» WHAT IS REQUIRED: Reproduce the records below exactly from their first line through the line containing "David Bowie portrait a4 print", omitting all pictures.

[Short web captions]
###

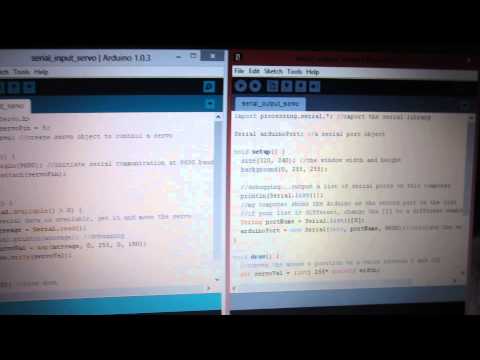Controlling a Servo Motor from a Processing Program Code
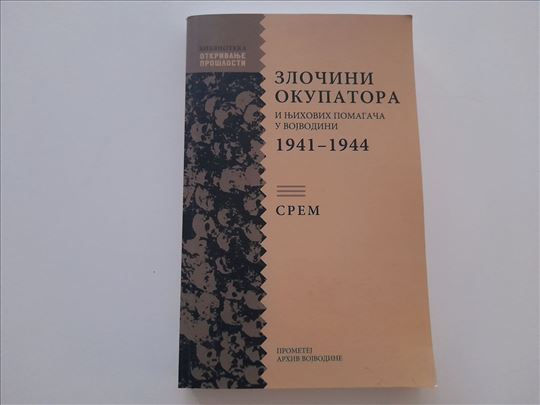Zločini okupatora u Vojvodini 1941-1944, Srem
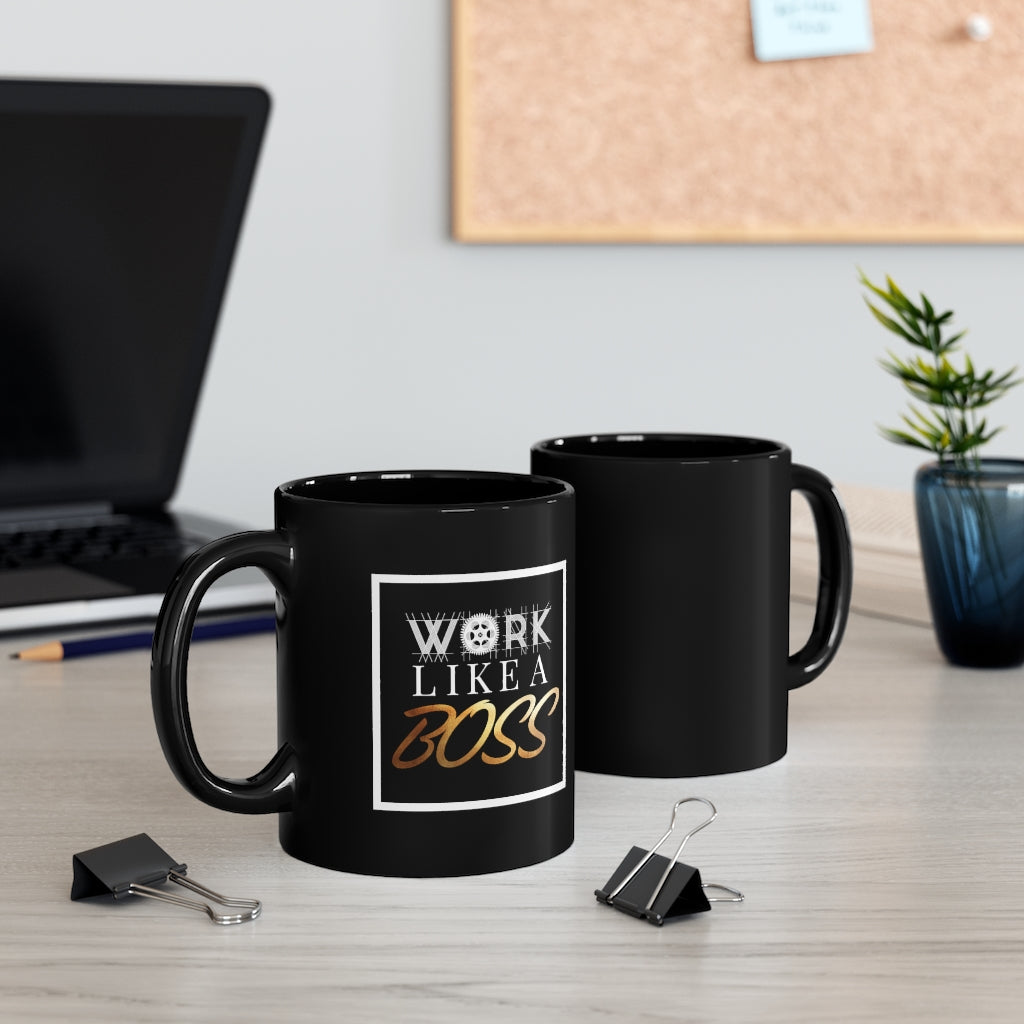 WORK Like A Boss Mug: Sassy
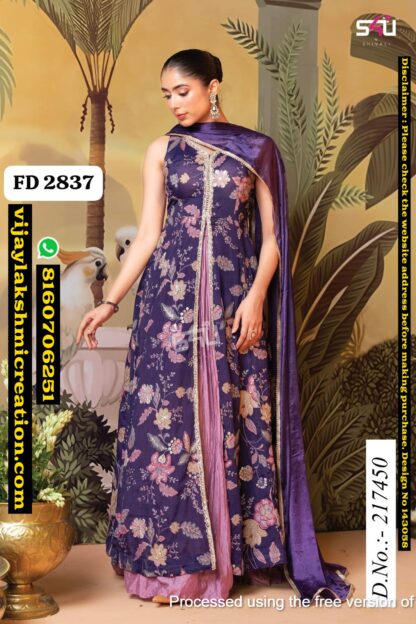S4U FD 2837 D.No.217450 Sleeveless Flared Anarkali Kurta With Bottom And Dupatta In Singles And Full Catalog 143059
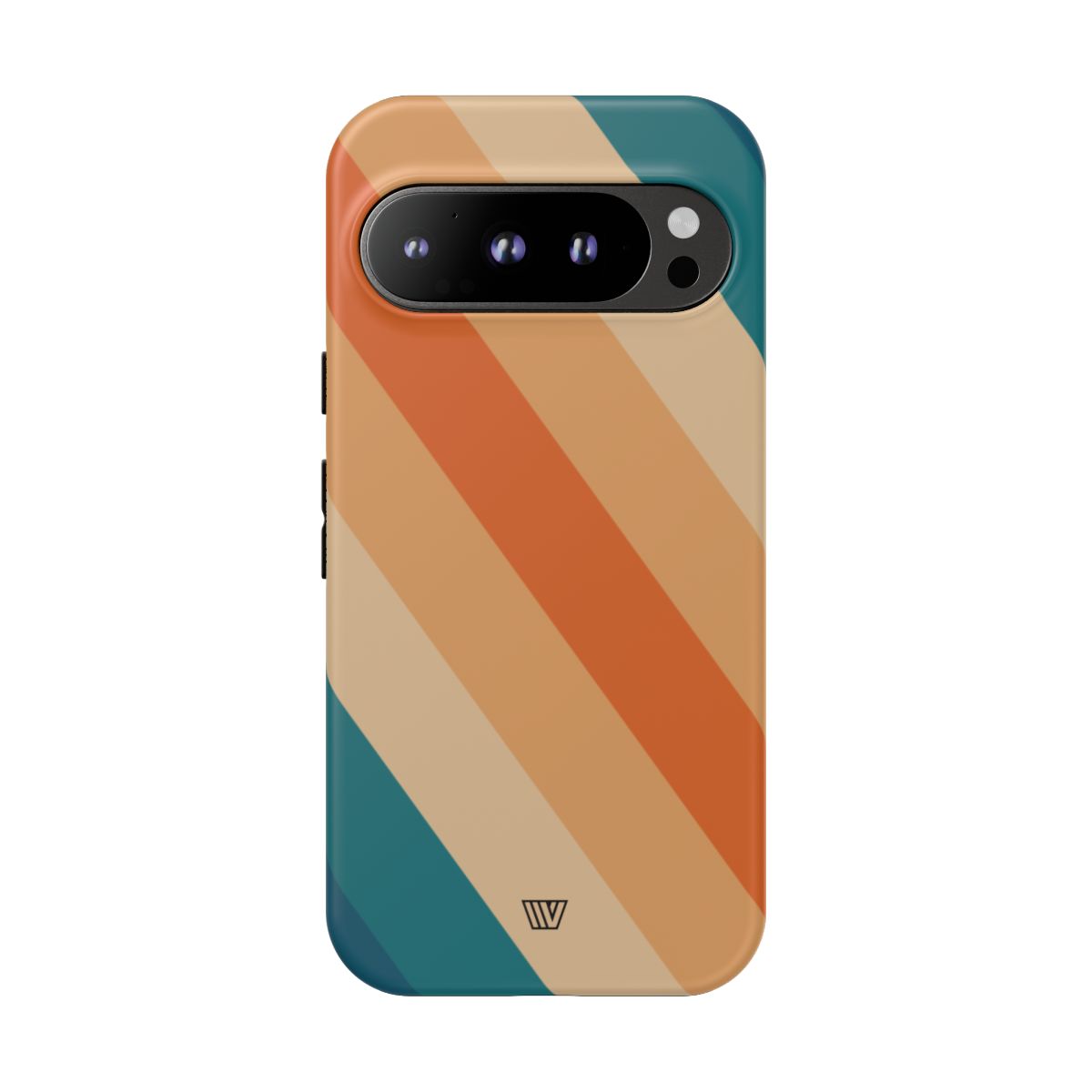 Retro Stripe Tough Phone Case 70s Style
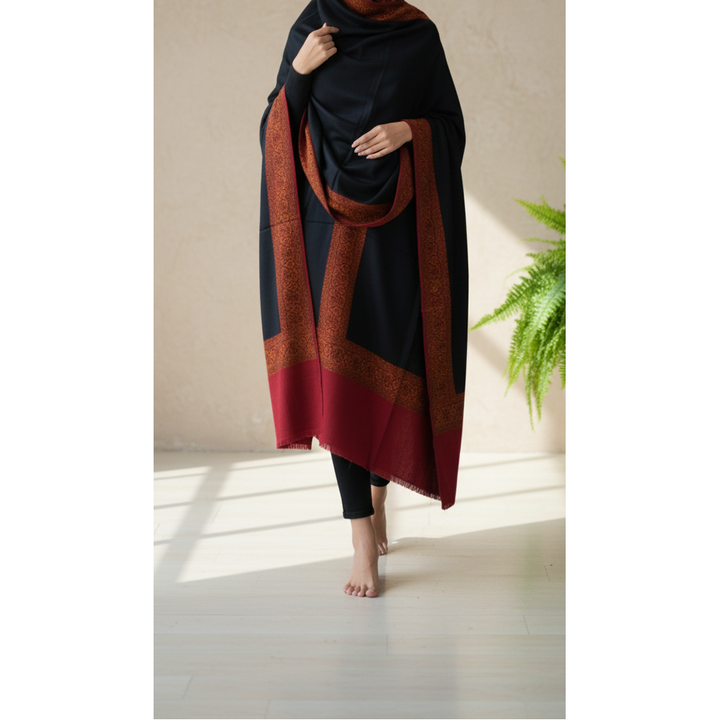 Black Winter Shawl PW5850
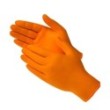 Rękawice nitrylowe sunny orange bezpudrowe diagnostyczne pomarańczowe (op100 szt) rozm xl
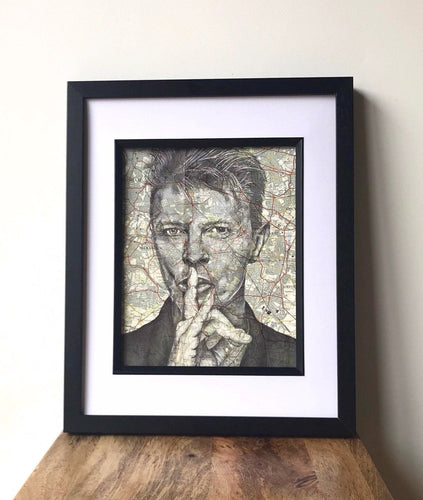 David Bowie portrait a4 print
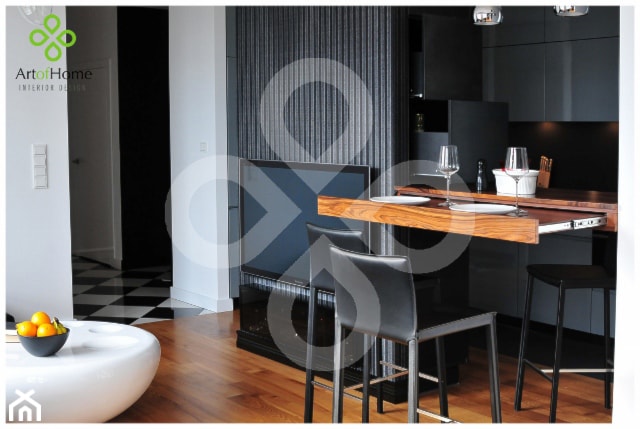 męski apartament - Salon, styl nowoczesny - zdjęcie od Art of Home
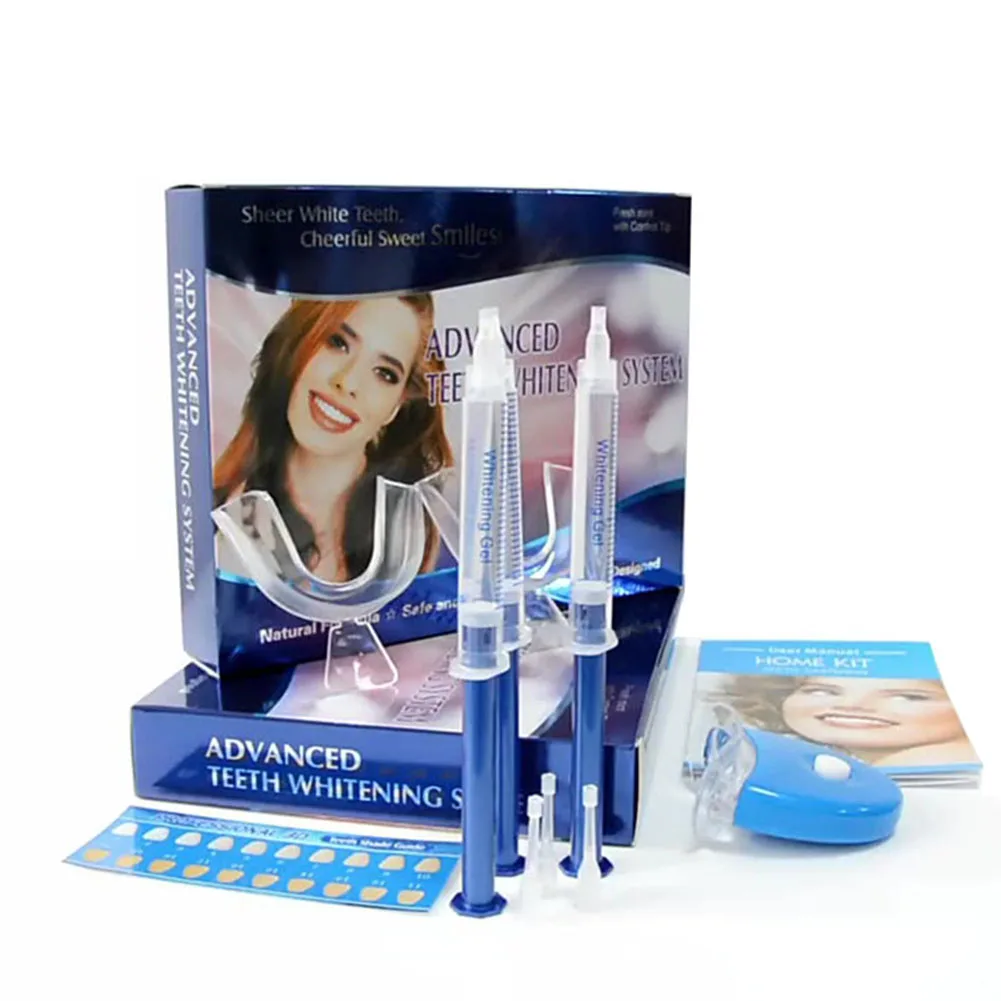 Teeth Whitening Gel Syringes - 1 세트 치아 미백 깨끗한 실험실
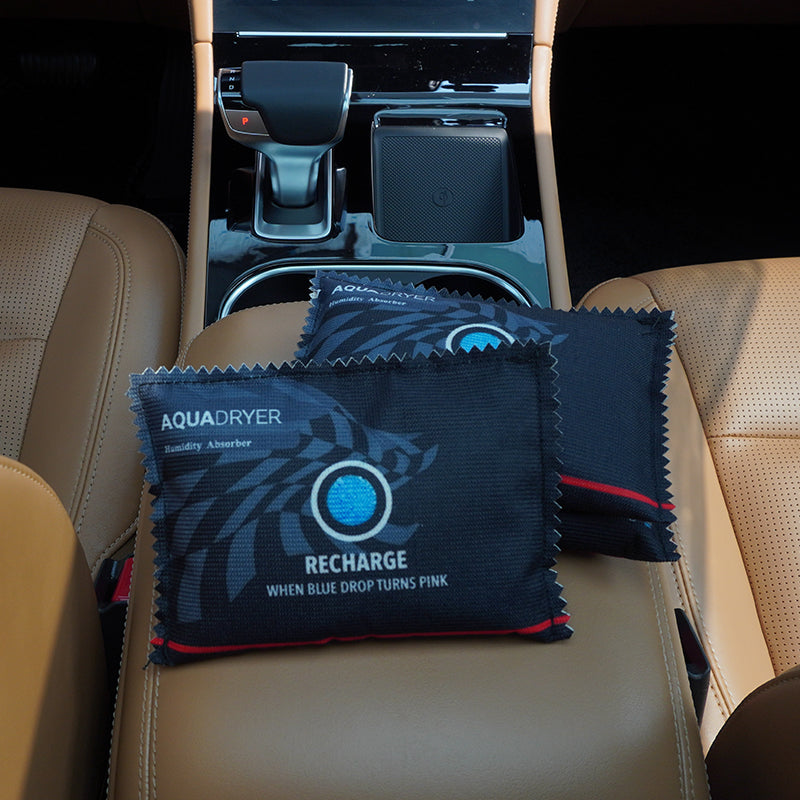 Car Dehumidifier Bag with Color indicator Blue to Pink Absorbs Moisture Condensation Damp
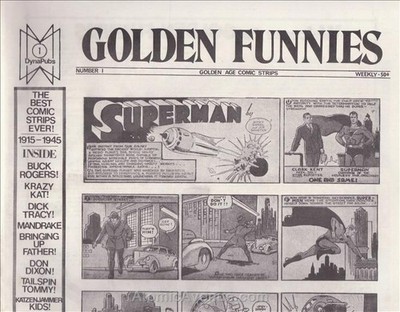 Golden Funnies #1 VG; DynaPubs | low grade - Superman - w/Bag+Board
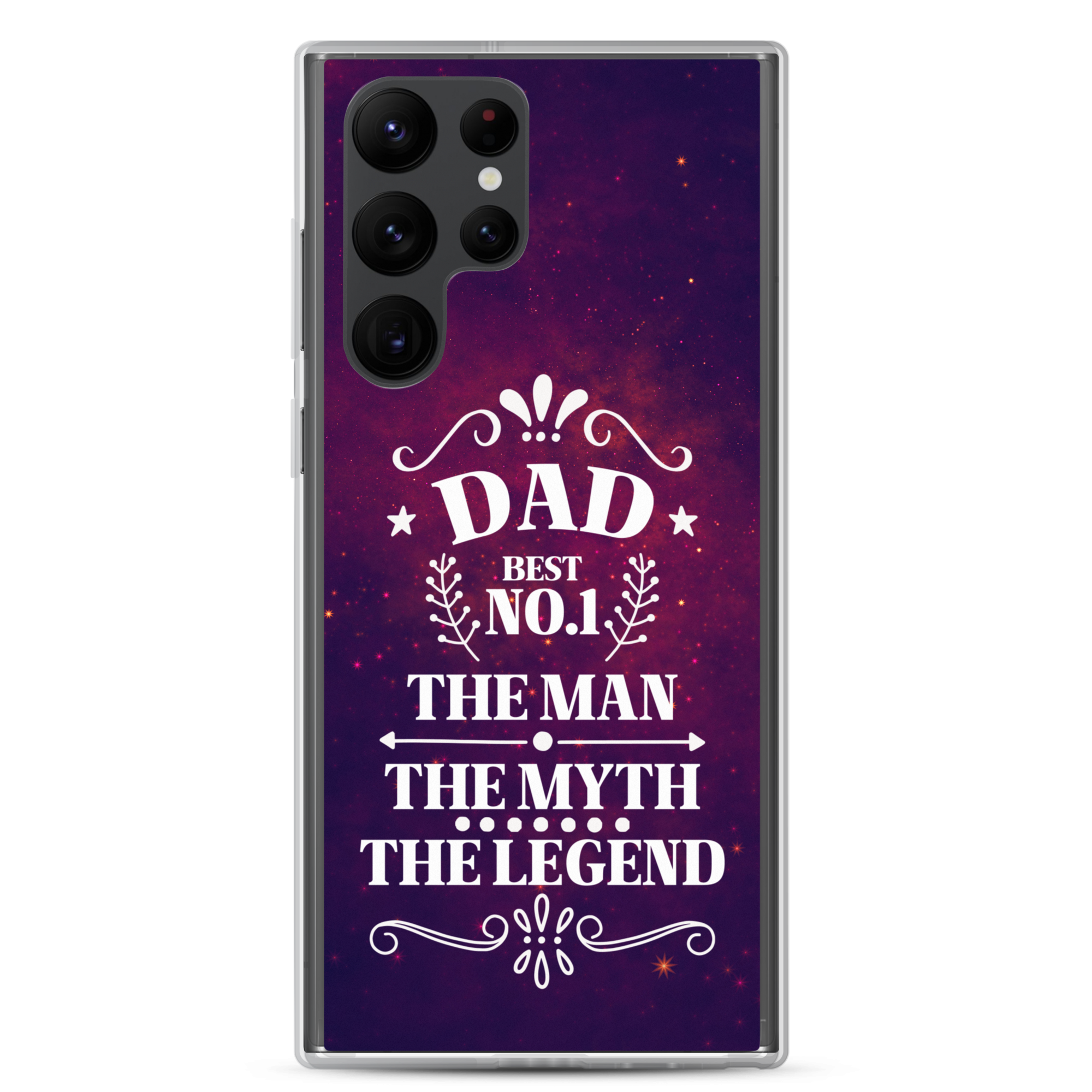 Dad Best Number 1 The Man The Myth The Legend Clear Case for Samsung®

###

» WRITTEN SOLUTION:
Controlling a Servo Motor from a Processing Program Code
Zločini okupatora u Vojvodini 1941-1944, Srem
 WORK Like A Boss Mug: Sassy
S4U FD 2837 D.No.217450 Sleeveless Flared Anarkali Kurta With Bottom And Dupatta In Singles And Full Catalog 143059
 Retro Stripe Tough Phone Case 70s Style
 Black Winter Shawl PW5850
 Rękawice nitrylowe sunny orange bezpudrowe diagnostyczne pomarańczowe (op100 szt) rozm xl
 David Bowie portrait a4 print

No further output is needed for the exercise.